Anyone who has experience in human resources development or management can offer you a conventional list of the major goals behind training: to incorporate new employees into an existing structure, to improve basic skills or knowledge, or to increase and enhance the productivity of an organization. But recently, a less obvious benefit of training has emerged: companies who offer or require on the job training may experience higher retention rates than those that don't train.
Why training can lead to retention
According to a study done by WorldatWork (formerly the American Compensation Association), training and development opportunities rank as one of the most important predictors of retention. It makes sense, after all, that training and retention rates are linked. By offering training programs, employers show their employees that they are interested in keeping their company- and its employees- on the cutting edge of their field. Employees feel valuable and stay with the company. They also see that, through training, they will continue to move forward and advance their careers.
That fact doesn't surprise Jay Lehman, the recruiting manager of Toll Brothers, Inc., a luxury homes builder. Lehman believes that Toll Brothers' nine-month "assistant project manager training program" has been instrumental in improving retention. Explains Lehman, "we invest the time and our resources and give [trainees] the opportunity to excel pretty quickly." College graduates in the program undergo nine months of training across different job functions within Toll Brothers, from marketing to construction to finance. "We train them in all facets of the work, and they don't really get that from other companies," says Lehman. "We value them and they see that."
Training benefits employers and employees alike. Employers can be sure that their employees are abreast of the latest trends and advances, while employees are rewarded with a competitive edge and the satisfaction that comes from knowing that one is a valuable employee. If employers demonstrate a genuine interest in their employees, employees are likely to stick around.

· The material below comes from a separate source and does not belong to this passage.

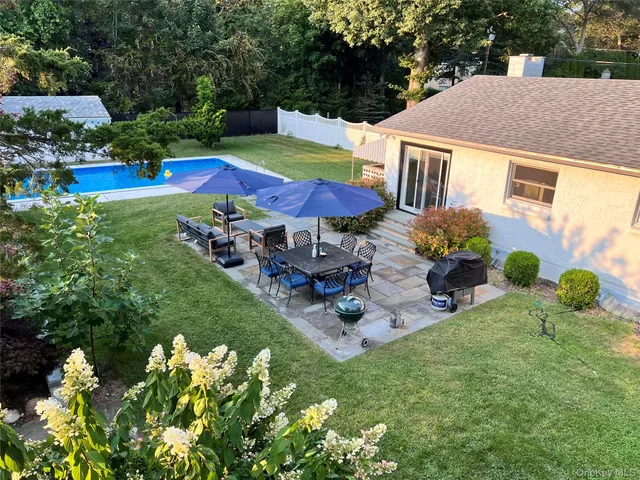 a view of a house with swimming pool garden and patio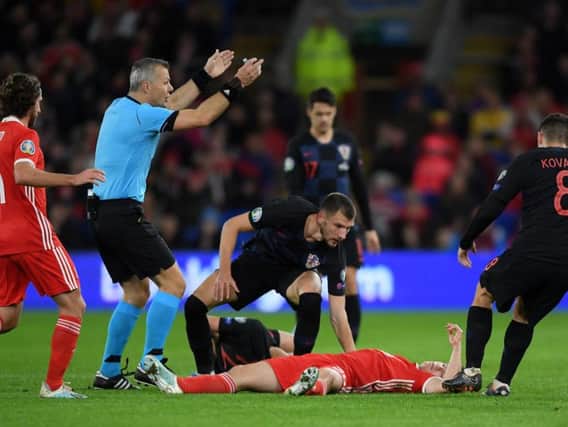 Rangers defender Borna Barisic checks on Daniel James after the Manchester United youngster suffered a suspected head knock in Wales' match with Croatia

The flip side: training the manager to increase retention
Sometimes the missing link in the training-retention chain is the training not of employees but of managers. Wisconsin's Freedom Plastics had a high turnover rate until they implemented a supervisor training program. "Supervisory training doesn't always come to mind right away when you think of reducing turnover," says Ed Wood, human resources manager at Freedom Plastics. "But the old adage is that employees don't leave companies, they leave their supervisors." Supervisory/management training can include communication and interpersonal skills, sensitivity training, and anger management. These skills, once learned and practiced, can empower an employer to help retain an employee.